However, unlike mathematical postulates, philosophical axioms should not be expected to be "fertile," that is, capable of generating a body of knowledge by deduction. In the passages cited, Rand stresses that philosophy can delimit what is possible, but only science can determine what possibilities are actual. It is clear that Objectivism does not aim at developing philosophy as a system of deductive implications from its axioms, in the manner of the rationalists. For Rand, the purpose of axioms is to ground the knowledge gained by the senses, not to replace it.

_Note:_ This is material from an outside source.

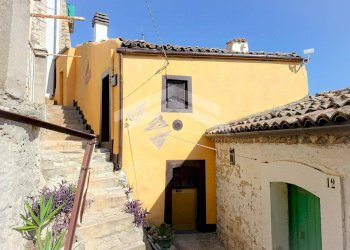 Foto 1 - One-room apartment Guardialfiera - photo 1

So let us set aside the possibility of carrying out a rationalist program. We may still assert, contrary to Hollinger, that the Randian axioms (whether in her own words, or in the formulation I have presented) delineate a distinct philosophical position. Certainly Ayn Rand believed so; she said of Objectivism: "If one recognizes the supremacy of reason and applies it consistently, all the rest follows." (Cf. Binswanger 1986, 344.) This position is endorsed by other Objectivists, including those who vigorously disagree on certain specific issues (Peikoff 1991, 4; Kelley 1990, 63).

From the opposite perspective, one may ask: What modern philosophers would agree with the above eight axioms without reservation? Certainly no thinker in the tradition of Plato, of Hume, or of Kant could accept them all. Pragmatists, Logical Positivists, Linguistic Analysts--all these would have difficulty agreeing with these axioms. Can one imagine Rorty, Feyerabend, or Kuhn signing on to them?

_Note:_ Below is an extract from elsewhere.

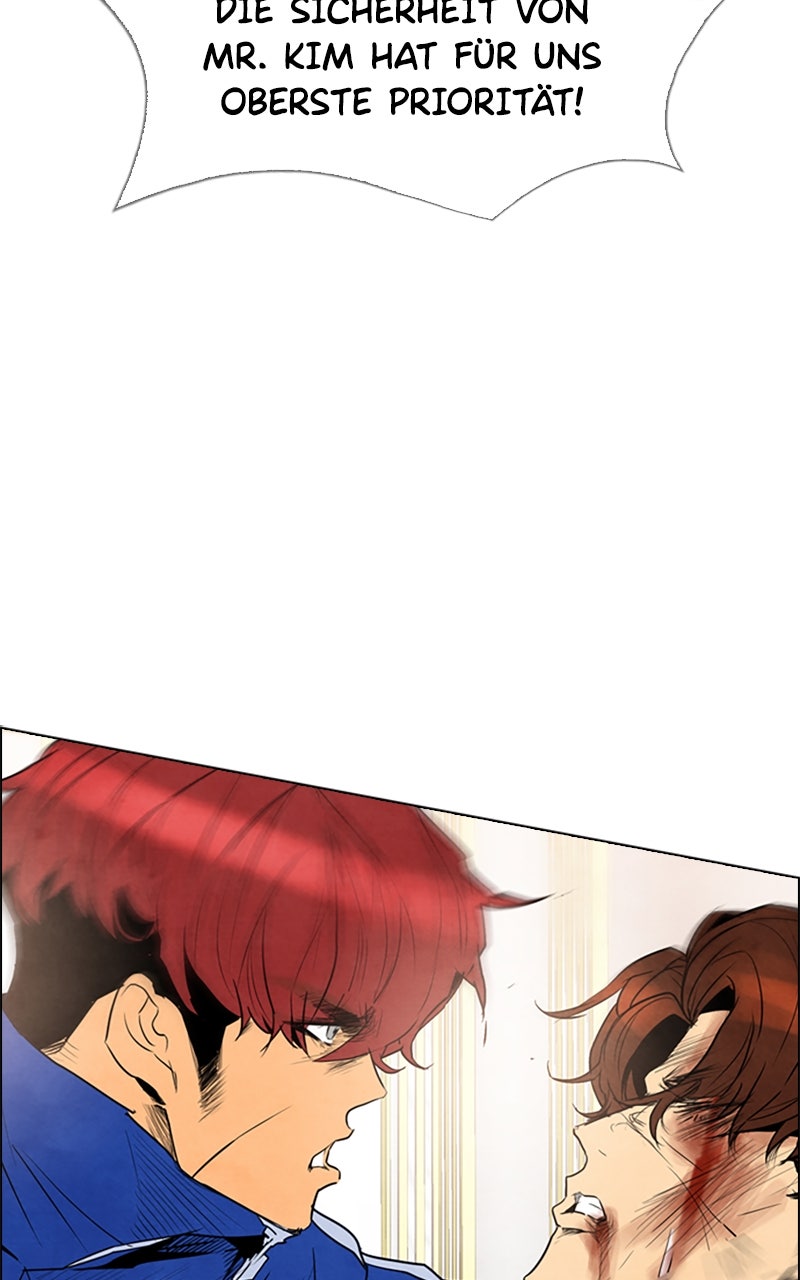 Read Reawakened Man Manga Online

Of course, philosophers who do agree to these axioms may yet differ because of disagreement about empirical facts. But in any case, surely we may conclude that only a relatively small subset of philosophical worldviews is compatible with acceptance of the eight axioms above. There is a sheaf of neo-Aristotelian philosophies, including Objectivism, that would claim to be consistent with them. Many other philosophical positions are excluded by them. So these axioms, whether "banal" or not, do carry some content; they are not trivial bromides that tell us nothing of use.

Axioms as Foundations of Knowledge

As Tibor Machan clearly explains, Rand's foundationalism is in a sense both rationalist and empiricist (Machan 1992). He brings out two key, and related, points. First, axioms ground not only deductive but inductive knowledge. Second, axioms themselves are known, not by pure introspection or ideation, but by abstraction from experience.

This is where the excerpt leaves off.